Moton Museum Honors General Sam Wilson
The Robert Russa Moton Museum honored the man affectionately known as “General Sam” on Monday “for his efforts and achievements to establish moral and social respect and dignity for all citizens of Prince Edward County.”
Retired United States Army Lieutenant General Samuel V. Wilson, of Rice, was presented a framed resolution and the museum’s Honoring General Sam Fund was established to support the installation and maintenance of the newly rededicated American and Virginia flags at the museum.
The flags are intended, the resolution notes, as a “living testament to the patriotism, leadership and service” provided by Wilson, who served on the museum’s board of directors and was its president from 2000 to 2002.
Wilson responded graciously and provided an American history lesson that began with the arrival of slave ships to Jamestown in 1619 “beginning a history of which we here are a part, but which we didn’t write-a history of enslavement and oppression which was to continue another 250 years and vestiges of which we still see today,” he said.
If time and history are tides, every generation, every person is able, and faces the choice, the duty, of choosing how they will swim in relationship to those forces-with or against the pull of their gravity.
Becoming another ibid in somebody else’s footnotes or writing a new chapter entirely, redirecting history’s continuing momentum toward the place where our better angels would guide us.
Wilson, former president of Hampden-Sydney College, would emphasize in closing that “we are indeed a part of a history we did not write, but we are writing its new pages today and tomorrow and the day after. And we remember the words of Omar Kayam: The moving finger writes, and having writ, moves on…Nor all your piety and wit can lure it back to cancel half a line, nor all your tears wash out a single word of it.”
Shackles and chains can be broken but they cannot be erased.
Neither, however, can the keys forged by those who work to open them and free the souls who were so bound.

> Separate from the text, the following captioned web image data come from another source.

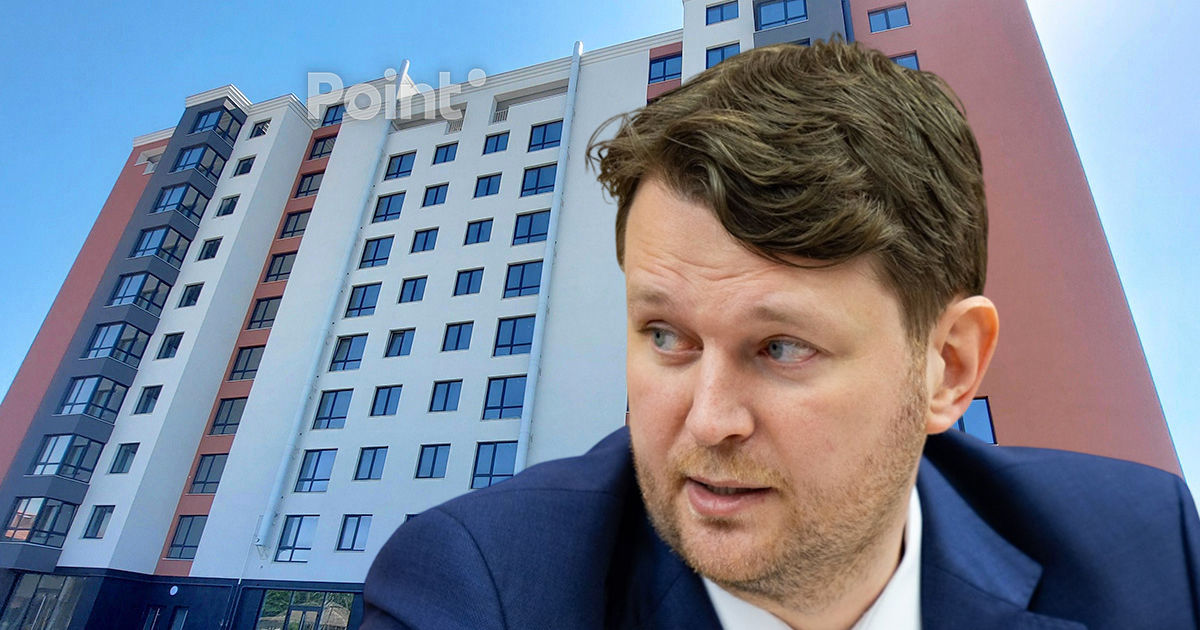 Гаврилицэ: Программа Prima Casă не может продолжаться в нынешнем виде.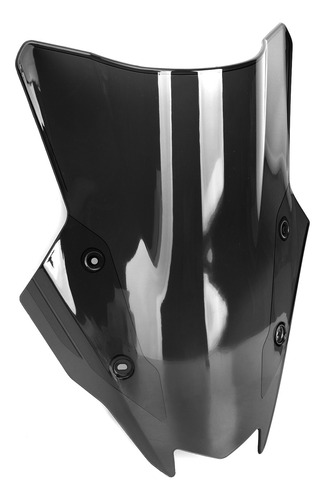 Protector De Parabrisas Para Kawasaki Z1000sx 2020 Negro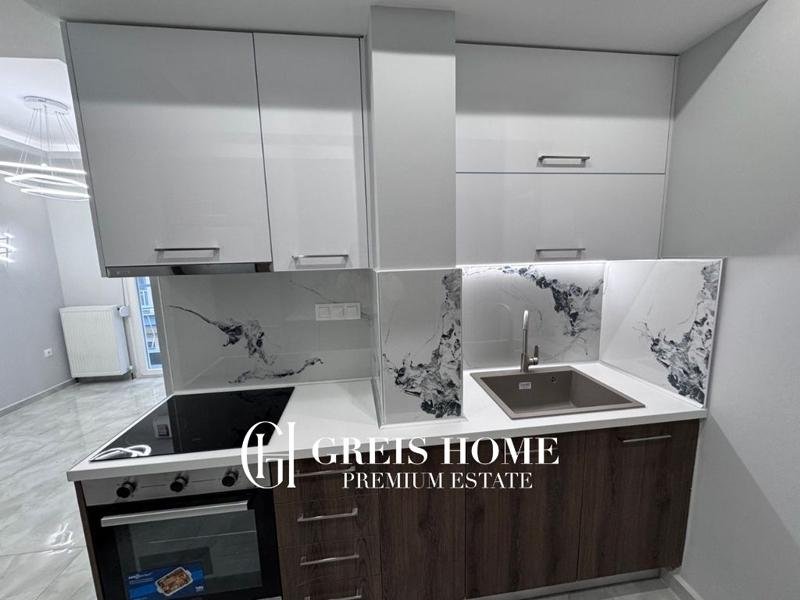 Ntepo - Flatlet 37 sq.m.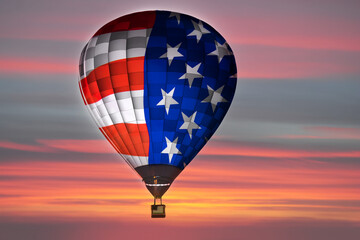 Celebrating Independence Day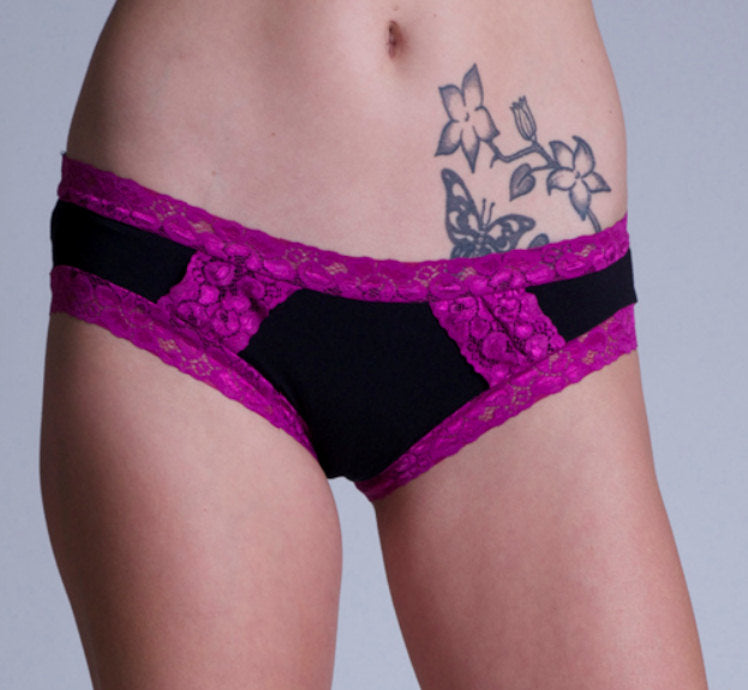 Soy Lace Bikini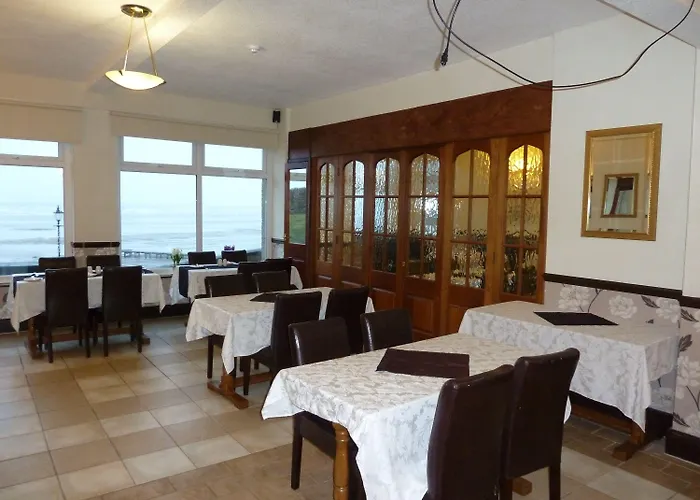 Bailey Ground Hotell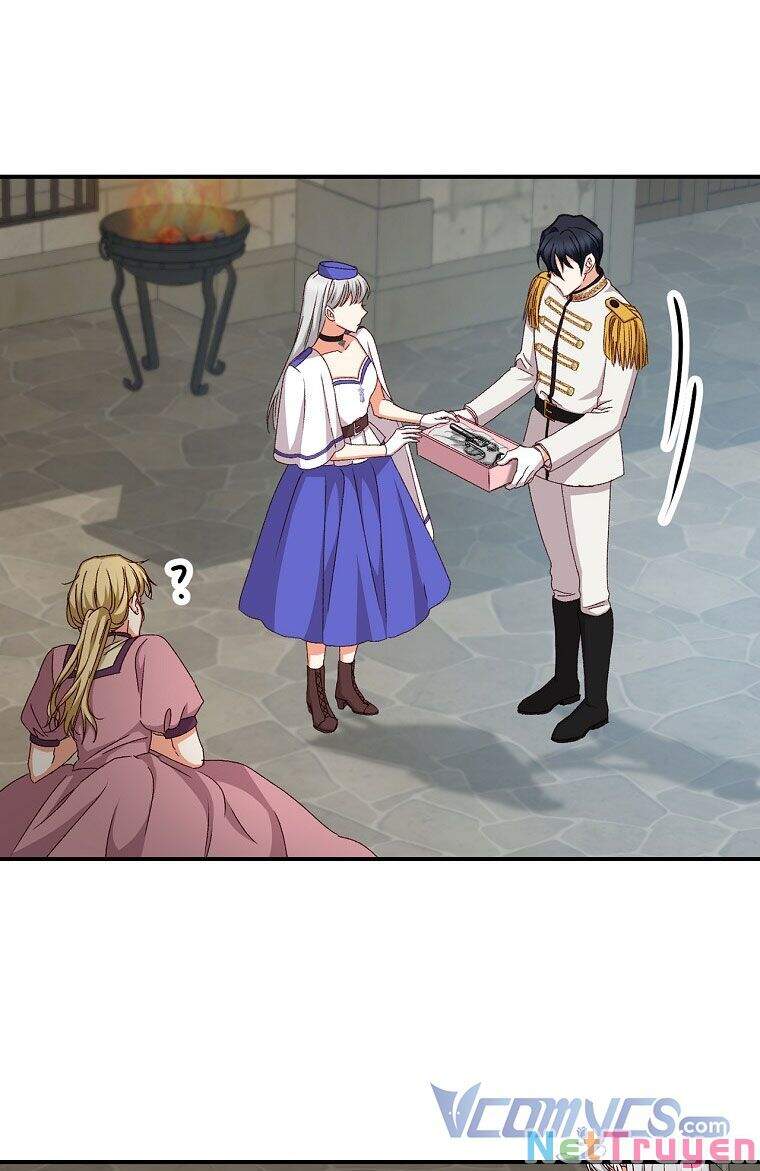 Đừng Chọc Đứa Em Gái Bé Bỏng Của Chúng Tôi Chapter 80 - 43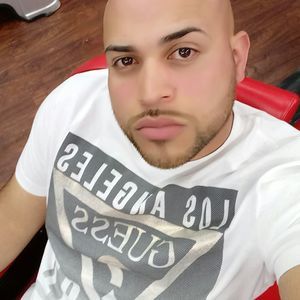 Meet your Posher, Juan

“So we pause here,” he told those assembled, “for a brief smidgen of time this morning to remind ourselves that all human beings are created equal.
“This,” he said of those words on the nation’s birth certificate, “we must salute and defend.”
Wilson was able to provide a unique perspective because Robert Russa Moton grew up in the household of Samuel Watkins and Lucy Lockett Vaughan. “Perhaps his closest friend during his boyhood years was their son and my grandfather, William Lockett Vaughan,” Wilson said.
It was his great-grandmother, Lucy Lockett Vaughan, who helped teach the young Moton how to read, write and, Wilson said, “manipulate Arabic numerals. Her caring example of helping a young African-American boy under strained circumstances has had an indelible influence on my thinking over the years about the ideals which we all must work to protect and sustain.
“In that light, it is the image of Lucy Lockett and others like her, white and black, extending the caring hand to the disadvantaged and promoting the rights of the downtrodden that I see as we gather here,” he said. “It is they whom we must celebrate as we continue our efforts to advance the cause of individual freedom, equality and social justice.”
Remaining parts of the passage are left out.